Cela correspondait à deux principes de fiscalité qui vont ensemble, qui sont comme les deux jambes d'un même corps : l'impôt ne doit pas être confiscatoire, mais nul contribuable qui a des revenus suffisants ne peut s'exonérer totalement de l'impôt. Donc, en créant le bouclier fiscal, nous avons fixé un plafond de l'imposition, et en plafonnant les niches, nous avons mis en place un plancher.
Du débat en séance est né un consensus fort : Jean-François Copé et Didier Migaud s'en souviennent. Mais Pierre Méhaignerie, qui présidait à l'époque la commission des finances, et moi-même nous étions montrés quelque peu dubitatifs sur le dispositif de plafonnement des niches. Nous le trouvions, en effet, très compliqué. À tour de rôle, tous les collègues présents sont montés au créneau, considérant qu'il fallait plafonner les niches, mais surtout pas le « Malraux », surtout pas les exonérations en outre-mer, surtout pas les investissements dans les PME… Nous inspirant du système américain – celui de l'impôt minimal –, nous avons alors proposé une approche plus simple. Toutefois, notre amendement, rédigé dans la nuit, n'était pas parfait. Le Gouvernement, en l'occurrence l'excellent ministre du budget, Jean-François Copé, nous a convaincus de le retirer et de nous en tenir à la rédaction du Gouvernement.
Sur ces entrefaites, Didier Migaud et ses collègues socialistes ont saisi le Conseil constitutionnel de l'ensemble du texte. Or il se trouve que le Conseil a validé le plafond, donc le bouclier fiscal, tout en considérant – reprenant en cela nos inquiétudes – que le plancher, c'est-à-dire le régime de plafonnement des niches, était, selon ses termes, « inintelligible et imprévisible pour le contribuable ». Autrement dit, ce dispositif était tellement compliqué que le contribuable lui-même ne pouvait pas comprendre à quoi il conduirait. La décision du Conseil constitutionnel était si précise que je doute qu'il soit possible d'opter de nouveau pour un plafonnement global ou de revenir à un plafonnement niche par niche.
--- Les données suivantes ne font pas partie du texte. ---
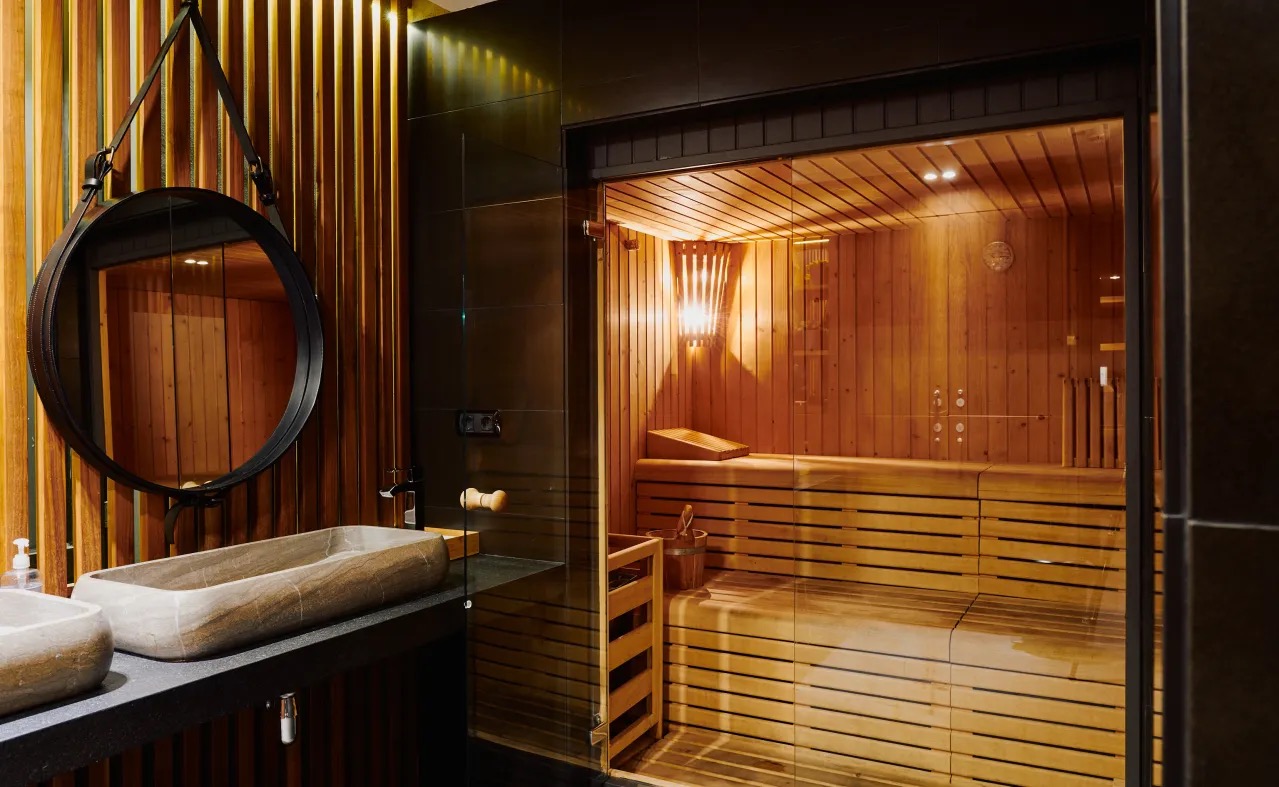 Spa area with a sauna and stone vessel sinks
Les amendements que nous propose d'ailleurs Didier Migaud sont plutôt de type « impôt minimal » ou « plafonnement global de l'exonération fiscale » que du type « plafonnement niche par niche ».
Comme le sujet était essentiel, Jean-François Copé s'était engagé à réunir un groupe de travail qui n'a absolument pas « botté en touche », monsieur Migaud. Présidé par le ministre du budget lui-même, il réunissait également les deux présidents et les deux rapporteurs généraux des commissions des finances de l'Assemblée nationale et du Sénat. Nous avons travaillé d'arrache-pied. Nous nous sommes réunis une demi-douzaine de fois car le sujet est difficile, et il nous est apparu que la voie la moins ardue et la moins périlleuse est probablement celle de l'impôt minimal.
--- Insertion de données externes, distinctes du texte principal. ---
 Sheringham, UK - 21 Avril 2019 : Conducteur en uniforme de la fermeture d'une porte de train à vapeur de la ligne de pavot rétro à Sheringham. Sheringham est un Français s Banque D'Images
Je souhaiterais, pour ma part, madame la ministre, comme l'a d'ailleurs également proposé Didier Migaud, que l'on puisse retenir l'amendement de Pierre Méhaignerie, aux termes duquel un rapport inspiré par une démarche du type « impôt minimal » devra être présenté au Parlement par le Gouvernement avant le 15 octobre 2007. Ce rapport dans lequel vous nous présenteriez les différentes pistes nous permettrait d'intégrer cette réflexion et de déboucher sur une décision, ce que je souhaite vivement, dès la loi de finances pour 2008. (« Très bien ! » sur les bancs du groupe de l'Union pour un mouvement populaire.)